Après la Chine, l’Allemagne et le Portugal ont dû prendre de nouvelles mesures.

Si l’épicentre de la pandémie a quitté l’Europe pour prendre place sur le continent américain, cela ne veut pas dire que le risque d’une seconde vague ou de vaguelettes soit écarté.

Exemple en Chine, où Pékin a dû fermer dans la précipitation plusieurs écoles et marchés suite à l’apparition d’un nouveau foyer de contamination. Des tests à grande échelle (on parle de deux millions) sont menés depuis quelques jours pour contenir le virus, et si on ne parle pas encore de reconfinement à grande échelle, cela prouve que la situation est suivie de près dans le pays où tout a commencé.


De son côté, la Corée du Sud a déclaré la semaine dernière qu’elle luttait depuis mi-mai contre “une deuxième vague” avec entre 35 et 50 nouvelles infections répertoriées quotidiennement, essentiellement à Séoul et ses environs.

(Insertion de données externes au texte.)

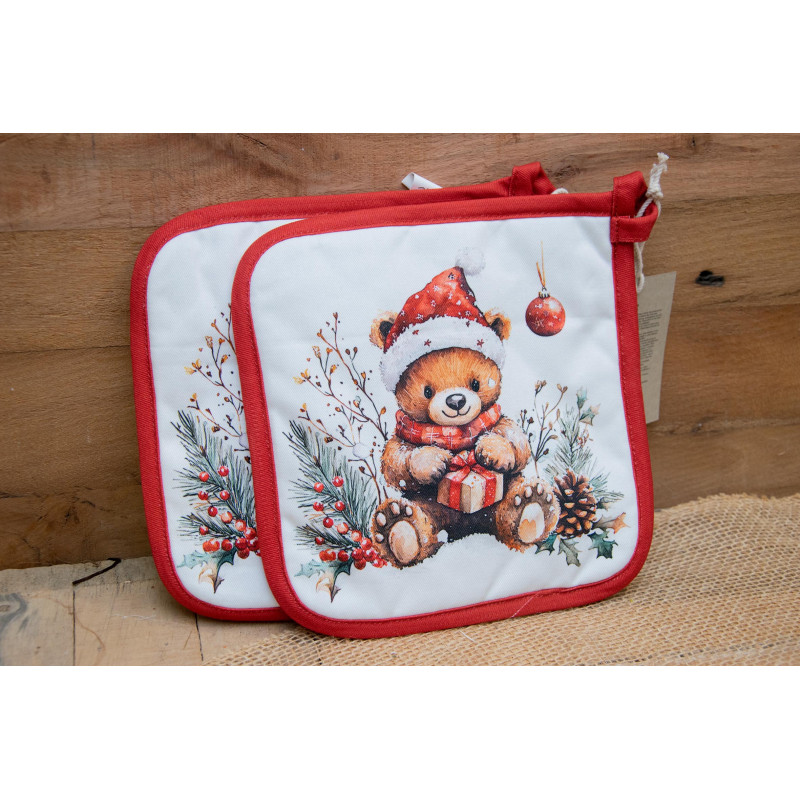 Topflappen Weihnachtsteddy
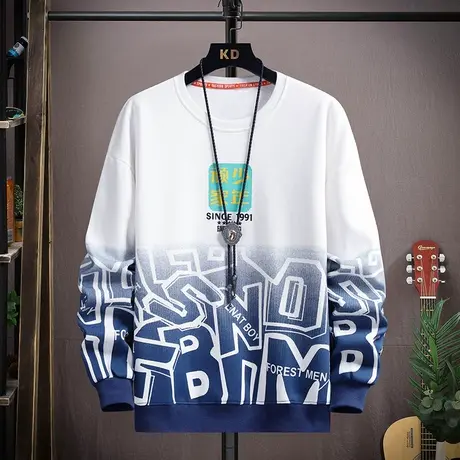 渐变卫衣男春秋设计感圆领长袖t恤男装上衣服宽松休闲套头打底衫T商品大图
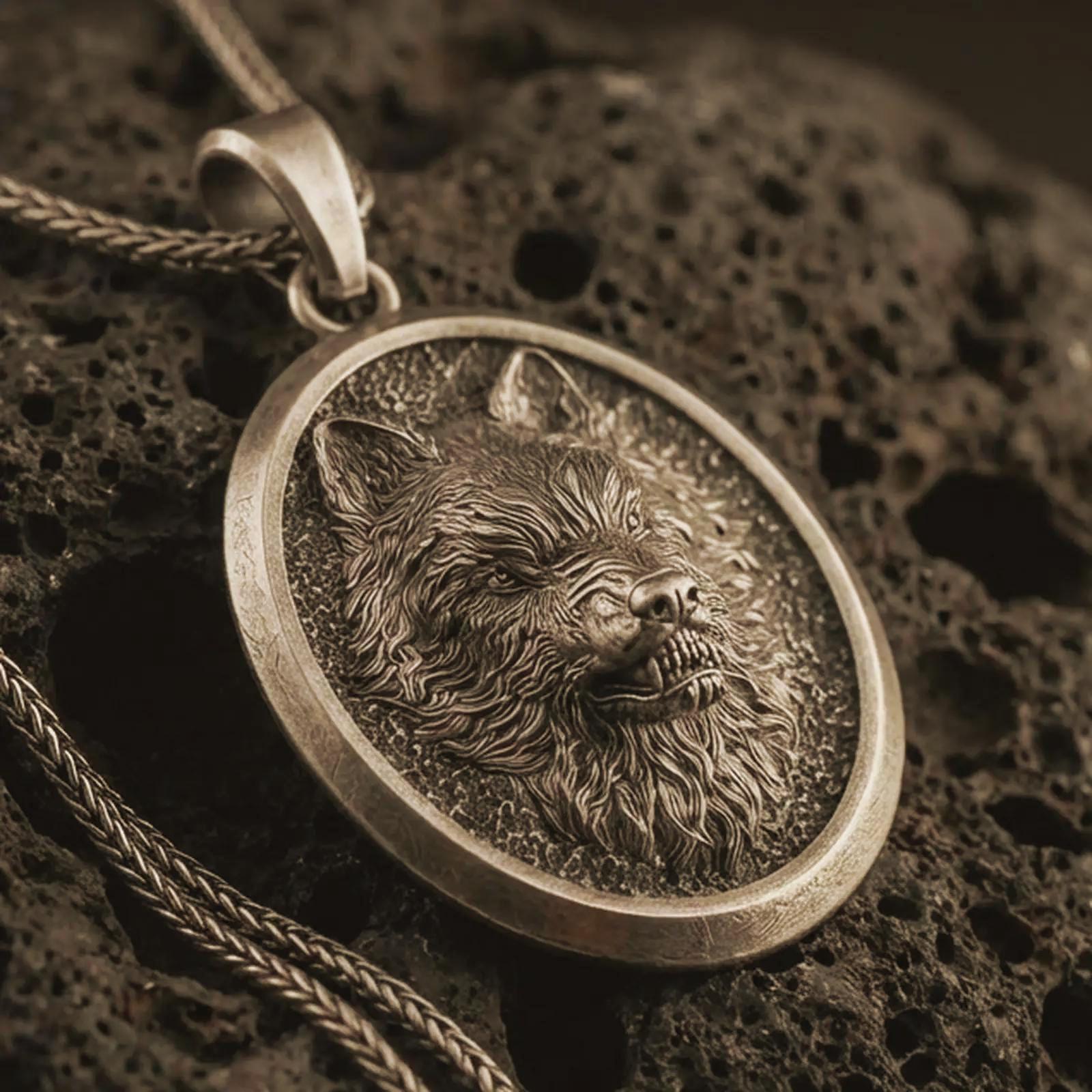 Bronze snarling wolf pendant necklace with an oxidized finish resting on textured volcanic rock, captured in a close-up premium studio composition.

Et en Europe ? L’Allemagne a fait parler d’elle suite aux 1 500 cas positifs dans un abattoir de la ville de Gütersloh en Rhénanie du Nord-Westphalie. Les autorités locales ont dès lors imposé un reconfinement partiel pour 360 000 personnes vivant dans le canton de Gütersloh et 280 000 dans celui de Warendorf, en Rhénanie du Nord-Westphalie.

Une situation similaire a été observée au Portugal, autour de Lisbonne. Entre le 21 mai et le 21 juin, il y a eu 9 221 nouveaux cas de Covid-19, dont 85 % ont été détectés dans cette région ainsi que celle de la vallée du Tage.

Dans dix-neuf quartiers, les rassemblements de plus de dix personnes ont été interdits alors que la limite est de vingt personnes dans le reste du pays. En outre, la fermeture des cafés et commerces a été avancée à 20 h.

Très faiblement touchée jusqu’à maintenant, la Bulgarie vient de son côté d’imposer le port du masque dans tous les lieux publics fermés.

Une liste qui n’est pas exhaustive quand on sait que la France compte encore 250 foyers de contamination sur son territoire ou que la Serbie fait la une de l’actualité suite au tournoi de tennis organisé par Novak Djokovic et responsable de plusieurs contaminations.